5 . Several conclusions about the signal are added: (1) There are three modes of signal processing, one is the default processing mode; the other is the signal Slightly mode; three are custom signal processing methods; (2) When a process sleeps in interruptible priority, the signal captured by the process will interrupt the sleep of the process

//, add multithreaded Linux The characteristics of the multi-threaded model:

The thread under Linux is essentially a light weighted process. When the thread is generated, the corresponding process control structure is generated, but the process control structure of the structure and the parent thread. Shared the same process memory space. At the same time, the process control structure of the new thread will copy the same process information from the parent thread (process), such as opening the file list and signal blocking mask. Since we modified the signal blocking mask after the child thread is generated, the child thread uses the original process information of the main thread at this moment, so the child thread still reacts to the SIGINT and SIGTERM signals, so when we use Ctrl+C When the SIGINT signal is used, the main process does not process the signal, and the child process (thread) will perform the default processing, that is, exit. When the child process exits, it sends a SIGCHLD signal to the parent process (thread), indicating that the child process exits. Since the signal is not blocked, the main process (thread) also exits immediately, and the foregoing operation occurs. Therefore, one solution to this problem is to set the signal before the child thread is generated, or to set the signal inside the child thread. Since the child thread is often a transaction function, I recommend using the former in a simple case. If the signal to be processed is more complicated, then the latter method must be used.

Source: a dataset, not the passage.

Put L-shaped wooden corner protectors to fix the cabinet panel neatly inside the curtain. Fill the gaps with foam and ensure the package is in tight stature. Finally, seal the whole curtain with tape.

-------------------------------------- ----Supplement: Zombie Process

Unix: Zombie Process

The process has several states in its life cycle: sleep, runnable, stopped, running, and dead state. . The so-called zombie process means that a process has exited, its memory and related resources have been released by the kernel, but the process entry is still in the process table, so that its parent process gets its exit status. . When a process exits, its parent process receives a SIGCHLD signal. In general, the handle of this signal usually executes the wait system call, so that the process in the dead state will be deleted. If the parent process does not do this, what is the result? There is no doubt that the process will be in a state of zombie. In fact, the zombie process does not hurt the system much, at most its process number (PID) and the process item system in the process table cannot be used.

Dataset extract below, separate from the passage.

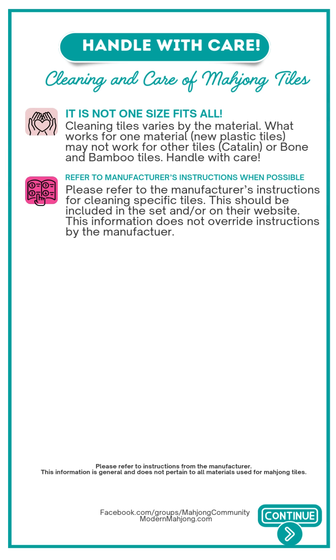Modern Mahjong here with a quick video on cleaning and care of Mahjong tiles. This comes up often in our Facebook group, so we thought this video could be very helpful.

A parent process forks a child process, and then both of them execute their own code. At some point, the child process exits. But at this time, the child process still has a certain amount of space and is not recycled by the operating system
. The parent process is required to recycle the child process using the system call of the wait series, so that the child process can completely disappear from the system. So the zombie process is the time before the child process exits before being recycled by the parent process.

After the child process dies, it sends a SIGCHLD signal to the parent process.